The majority has found that the School Board violated the statute and the Constitution. The School Board says only that the Constitution and the statute should be interpreted so as to allow it to do what it has done. The majority says — and I agree — that the Constitution and the statute cannot be so interpreted. Not even the School Board claims that it complied with the law as we all agree it should be interpreted. Since the violation is obvious and continuous, even during the “judicially supervised negotiations,” I find no basis for holding the violation to be “harmless.”
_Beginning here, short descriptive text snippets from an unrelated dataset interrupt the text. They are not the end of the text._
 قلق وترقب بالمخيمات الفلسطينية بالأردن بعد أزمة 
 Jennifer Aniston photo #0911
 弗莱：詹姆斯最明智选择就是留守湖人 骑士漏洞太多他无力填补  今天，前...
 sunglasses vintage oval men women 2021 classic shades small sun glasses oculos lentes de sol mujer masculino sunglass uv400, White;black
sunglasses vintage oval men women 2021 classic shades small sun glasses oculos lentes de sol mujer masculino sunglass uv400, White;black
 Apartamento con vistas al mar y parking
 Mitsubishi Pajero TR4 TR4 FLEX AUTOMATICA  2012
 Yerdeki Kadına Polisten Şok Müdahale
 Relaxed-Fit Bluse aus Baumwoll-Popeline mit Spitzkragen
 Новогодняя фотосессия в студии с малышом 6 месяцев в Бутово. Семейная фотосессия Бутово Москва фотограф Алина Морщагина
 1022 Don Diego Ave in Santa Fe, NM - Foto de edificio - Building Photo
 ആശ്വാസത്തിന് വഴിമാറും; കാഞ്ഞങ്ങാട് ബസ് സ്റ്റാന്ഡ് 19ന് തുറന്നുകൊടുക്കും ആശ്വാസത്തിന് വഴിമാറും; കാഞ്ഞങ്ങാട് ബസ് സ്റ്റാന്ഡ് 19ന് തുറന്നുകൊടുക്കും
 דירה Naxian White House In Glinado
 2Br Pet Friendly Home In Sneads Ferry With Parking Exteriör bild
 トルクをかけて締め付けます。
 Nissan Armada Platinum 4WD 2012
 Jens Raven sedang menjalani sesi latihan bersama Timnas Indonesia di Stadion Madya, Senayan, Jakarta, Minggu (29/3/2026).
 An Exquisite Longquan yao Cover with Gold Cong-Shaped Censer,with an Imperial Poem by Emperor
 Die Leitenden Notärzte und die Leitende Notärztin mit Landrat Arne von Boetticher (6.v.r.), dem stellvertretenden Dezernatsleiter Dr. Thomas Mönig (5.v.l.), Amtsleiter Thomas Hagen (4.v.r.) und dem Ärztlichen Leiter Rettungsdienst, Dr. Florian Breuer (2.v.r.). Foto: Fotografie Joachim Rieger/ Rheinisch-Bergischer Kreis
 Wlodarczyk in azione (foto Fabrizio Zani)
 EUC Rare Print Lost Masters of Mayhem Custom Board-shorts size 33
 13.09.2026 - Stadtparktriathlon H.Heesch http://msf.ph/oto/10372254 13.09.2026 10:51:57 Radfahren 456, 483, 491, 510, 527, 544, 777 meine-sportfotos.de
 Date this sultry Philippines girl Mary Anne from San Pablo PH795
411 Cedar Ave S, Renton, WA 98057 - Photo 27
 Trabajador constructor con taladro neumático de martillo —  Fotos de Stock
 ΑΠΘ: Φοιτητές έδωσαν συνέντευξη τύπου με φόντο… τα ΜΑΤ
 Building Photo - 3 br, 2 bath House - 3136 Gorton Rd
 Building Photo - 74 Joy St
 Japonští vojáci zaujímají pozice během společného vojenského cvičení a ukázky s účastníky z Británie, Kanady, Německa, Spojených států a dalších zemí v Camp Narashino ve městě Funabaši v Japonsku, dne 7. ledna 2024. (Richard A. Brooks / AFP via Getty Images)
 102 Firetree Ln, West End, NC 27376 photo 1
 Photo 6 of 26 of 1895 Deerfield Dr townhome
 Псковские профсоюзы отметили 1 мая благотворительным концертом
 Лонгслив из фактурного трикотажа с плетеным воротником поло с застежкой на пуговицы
The majority opinion twice quotes subsection 4 of Section 15-38.1-12, N.D.C.C., which provides:

“The obligations imposed in this section shall not compel either party to agree to a proposal or to make a concession.”

This dissent, of course, nowhere suggests that either party is obligated to agree with the other. I only insist that each party is obligated to bargain in good faith with the other, that this duty is a continuing one which is not terminated by the publication of the recommendations of the Fact-finding Commission, that such duty is breached by dealing individually with individual teachers represented by a representative organization of their own choosing, and that a continuing violation of the open-meetings constitutional provision and statute is not harmless error.

I would continue the injunction and require the parties to continue negotiating, and would hold that in the meantime the teachers in the Dickinson school system are teaching without valid contracts, although they are entitled to the wages and working conditions under which they have been teaching without a contract since the beginning of the school year. I believe they may also be entitled to additional compensation and other working conditions, depending upon the outcome of negotiations which should continue and upon the outcome of possible actions by teachers or their representative organization for damages for violation of their statutory and constitutional rights.